'''

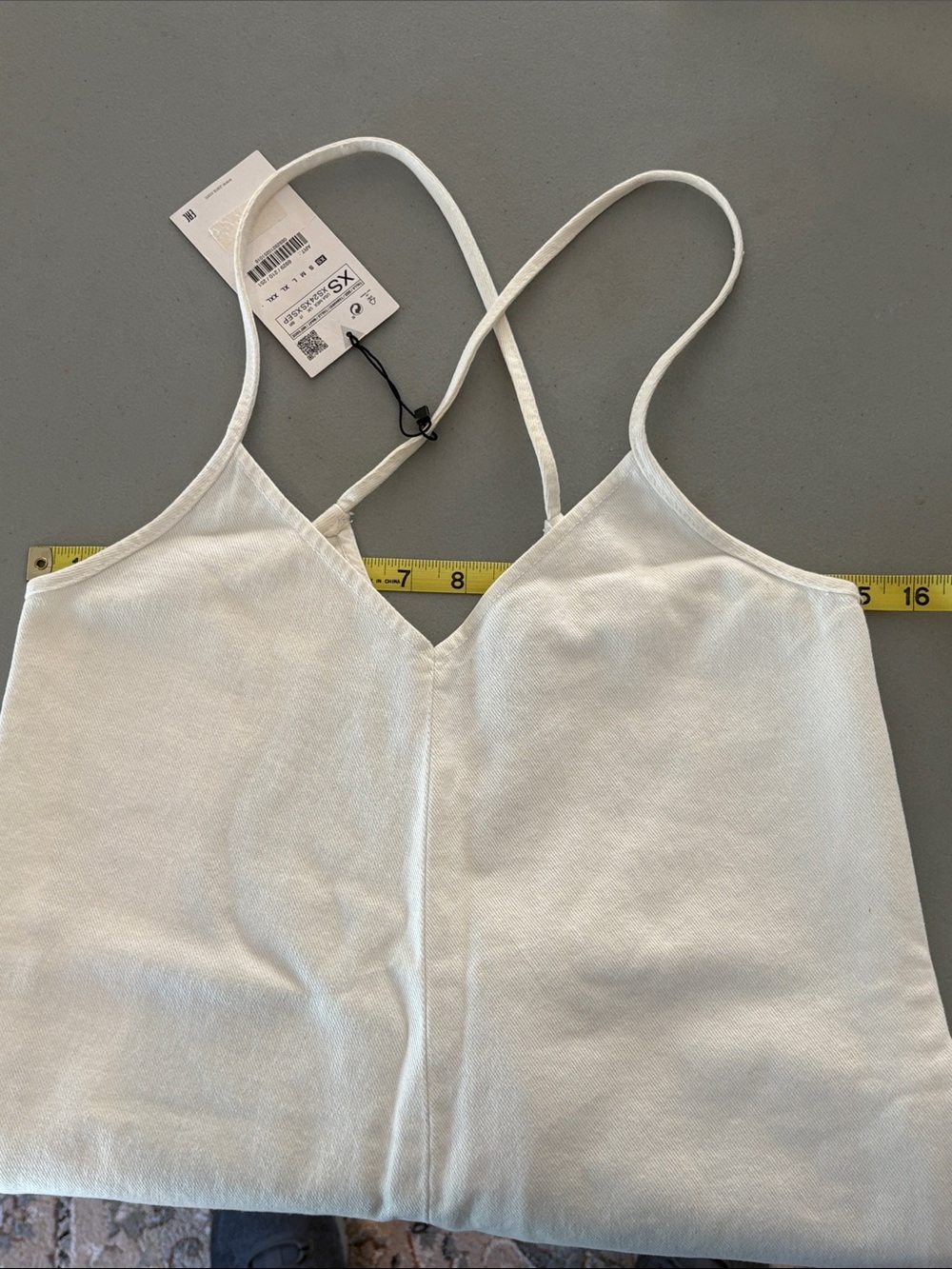 ZARA White Denim Crisscross Back Romper - Picture 9 of 10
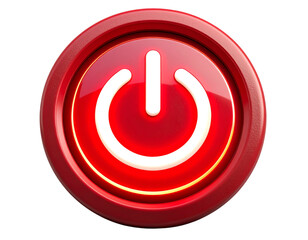  3D Power Button Symbol with Glowing Red Ring and Shadow, Angled View, Isolated PNG
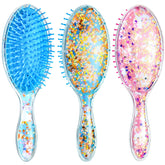 Patelai kids wet hair brush rabbit pattern detangles with glitter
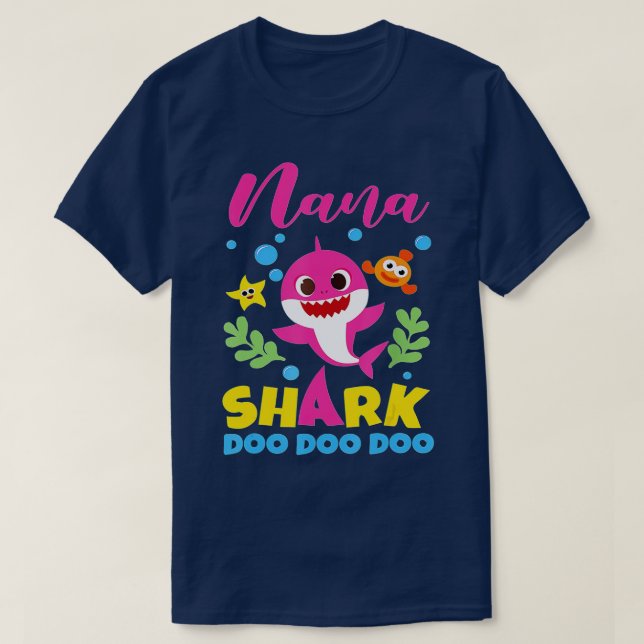 Nana Shark Gift Cute Baby Shark Family Matching TS T-Shirt (Design Front)
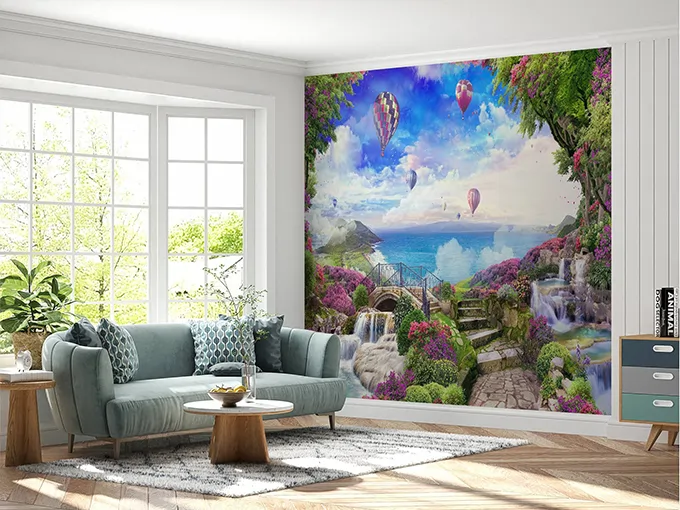 Flying Balloons Wall Mural Wallpaper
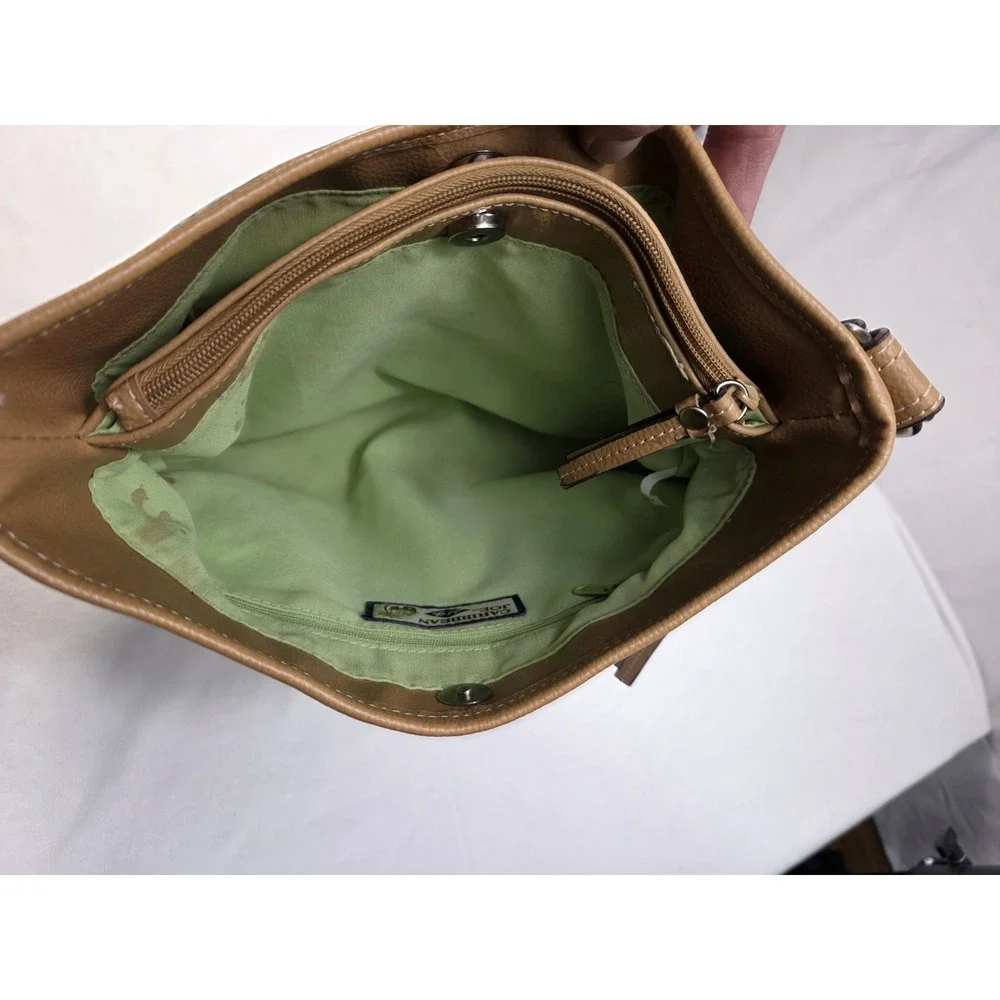 Carribbean‎ Joe Floral Handbag Canvas And Leather Purse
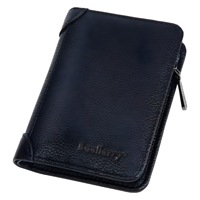 Baellerry dompet PU pria desain Vintage, dompet koin lipat tiga slot kartu ritsleting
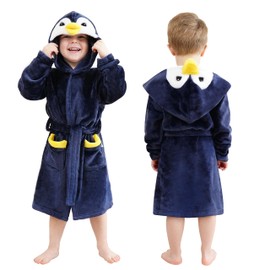 LOLANTA Kids Robe Boys Girls Hooded Fleece Sleepwear Penguin Animal Bathrobe Toddler Fluffy Robe Christmas Gifts (Penguin 6-8 Years)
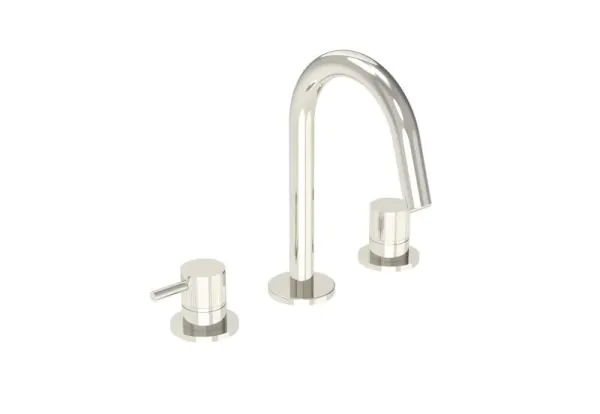 Saneux COS 3 Tap Hole Deck mounted KIT - w/ Fluted handle - Brushed Nickel (PVD)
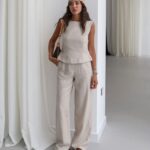 Beige Linen Sleeveless Top and Pants Set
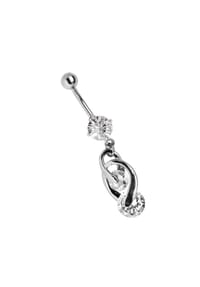 Adelia's - Bauchnabel Piercing Banane mit schleifen Doppelsteinhänger - grün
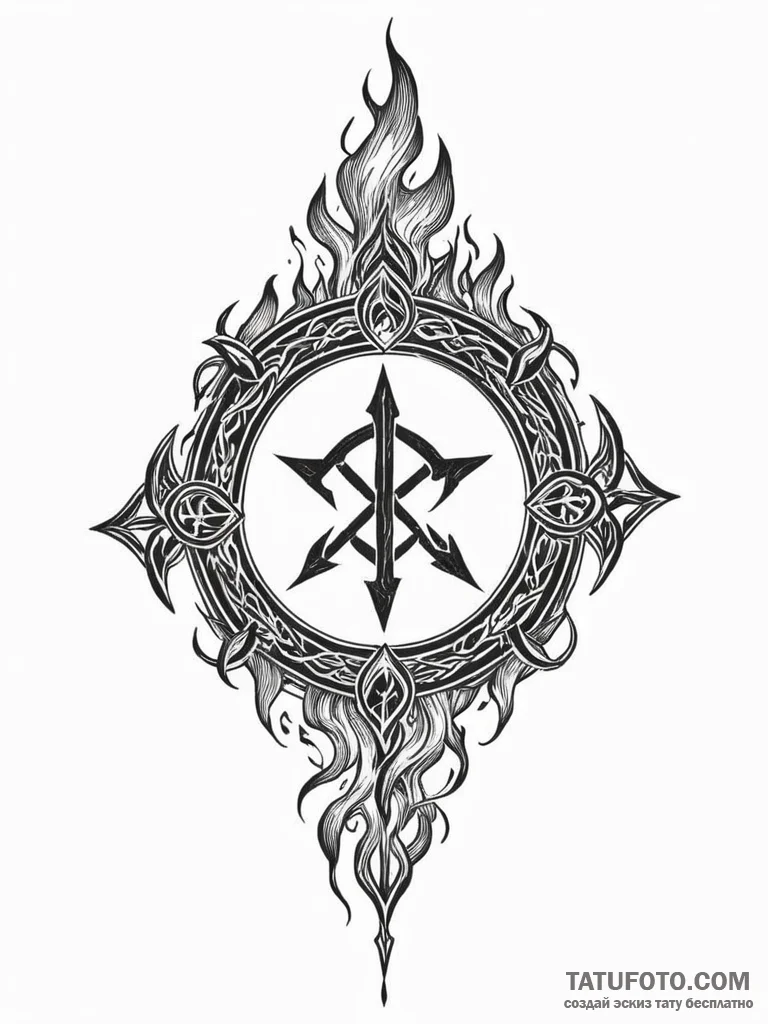 руна крада (krada, fire, sacrifice, ritual) - эскиз тату (№1751168167_0, 29.06.2025 03:36) — Tatufoto.com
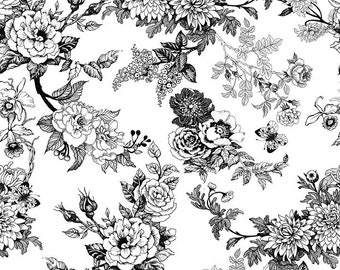 Garden Floral Decoupage Toile Black and White 5DC-1 Floral Print by Jason Yenter for In the Beginning Fabrics, Quilting Cotton Active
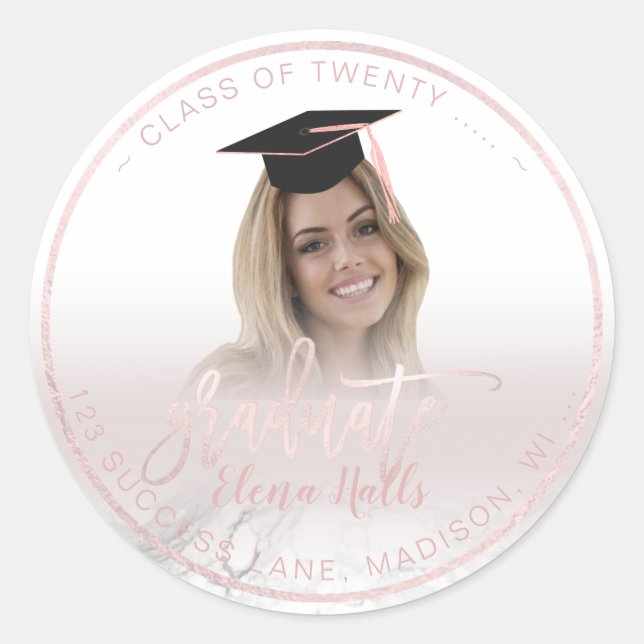 PixDezines Graduation/Marble+Blush Pin Classic Round Sticker (Front)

'''

### WORK ITEM
In the copy you return, include exactly the lines from the one containing "Baellerry dompet PU" through the final line of the listing, and no pictures.

### ANSWER TO THE EXERCISE
 Baellerry dompet PU pria desain Vintage, dompet koin lipat tiga slot kartu ritsleting
 LOLANTA Kids Robe Boys Girls Hooded Fleece Sleepwear Penguin Animal Bathrobe Toddler Fluffy Robe Christmas Gifts (Penguin 6-8 Years)
 Saneux COS 3 Tap Hole Deck mounted KIT - w/ Fluted handle - Brushed Nickel (PVD)
 Beige Linen Sleeveless Top and Pants Set
 Adelia's - Bauchnabel Piercing Banane mit schleifen Doppelsteinhänger - grün
 руна крада (krada, fire, sacrifice, ritual) - эскиз тату (№1751168167_0, 29.06.2025 03:36) — Tatufoto.com
 Garden Floral Decoupage Toile Black and White 5DC-1 Floral Print by Jason Yenter for In the Beginning Fabrics, Quilting Cotton Active
 PixDezines Graduation/Marble+Blush Pin Classic Round Sticker (Front)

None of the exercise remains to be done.